If you have a memory of the irradiated plants or the atomic gardens, please add it via the contact form to be included here.

“When I was in 8th grade in 1968, I was assigned a science experiment– and found a place in Tennessee that would send irradiated tomato seeds. I thought they came from Oakridge — but after listening to 99% Invisible, I’m not sure. In any case, I carefully planted those seeds (with a control planter of normal seeds) — and they actually grew and produced tomatoes. I remember eating the irradiated ones. They were just tomatoes — but I swear, their shapes weren’t round, but longer, like an elongated kiwi.

After all these years, I’m still proud of that experiment. It may have been the single most important thing that made me interested in science in a lifelong way.

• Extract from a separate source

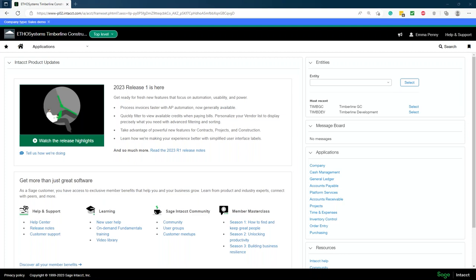Welcome to the Ethosystems Sage Intact webinar. This is going to be a walkthrough of the Sage Intact product. My name is Michael Pernay, I'm the VP of Sales over at Ethosystems. Glad everybody could join. There is an option to put questions in the chat and I will do my best to monitor those. Everybody should be seeing my screen — this is Sage Intact. You may notice I'm in a web browser because Sage Intact is a cloud product, so you just go to a website and access the solution.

The story would be better if I had become a scientist– but instead, I became an art professor at IU Southeast. 🙂 (I’m also a gardener.)
Still, I loved growing those tomatoes, carefully measuring and charting their growth every week. I still love science and consider myself an educator that believes in the delight of discovery — whether it’s drawing an image or growing  tomatoes from irradiated seeds. (I also remember being a bit afraid of those plants, not fully understanding that the irradiation caused a mutation in the seeds — and the plant and fruit were fine.)
I dunno — there are those things learned in classes when you’re a kid in school– that excite you and are memorable. If you’re lucky, you become a lifelong learner. ” – Debra Clem

 

 

“In either the 1959-60 or the 1960-61 school year, I was in one of those post-Sputnick “gifted” classes at the Harbor Road Elementary School in Valley Stream, New York . (Now renamed as the Robert W. Carbonaro School).  We were taken on a field trip tour of Brookhaven Labs. All I remember is being impressed by the size of the giant atom splitters. I don’t remember the gardens. We came home with two gifts: one was a little gray cardboard tube, about 4″ long and half-inch in diameter, with a metal screen at one end.  You put your eye to the other end to see flashes of light that we were told were “alpha rays.” I don’t know what was in it to do that or how safe it was (at the same school at another time, we were given little blobs of mercury to play with in our hands.) We also received seeds from Brookhaven  to plant in our classroom in paper cups. I think they were tomato seeds.  I don’t remember mine even sprouting, and if anyone else’s did, it shriveled quickly. The main result of this experience was that as a suburban kid who had no exposure to home gardens, I thought that this was what gardening was all about: this sick idea to plant seeds in order to see if some freak of nature would grow.  I’m 68 now and only in the last few years have come to appreciate what a wonderful and healthy part of life gardening is.  I have told the strange story of the mutated seeds to friends who are gardeners and received shocked responses. I was so glad to hear the 99% Invisible podcast  and get a larger perspective on this experience.  Thanks for having this site, I hope my story is helpful.”  -Maida Tilchen

 

 

“I was the youngest member of the team headed up by Muriel Howorth irradiating and subsequently growing these mutated seeds back in the 1950s.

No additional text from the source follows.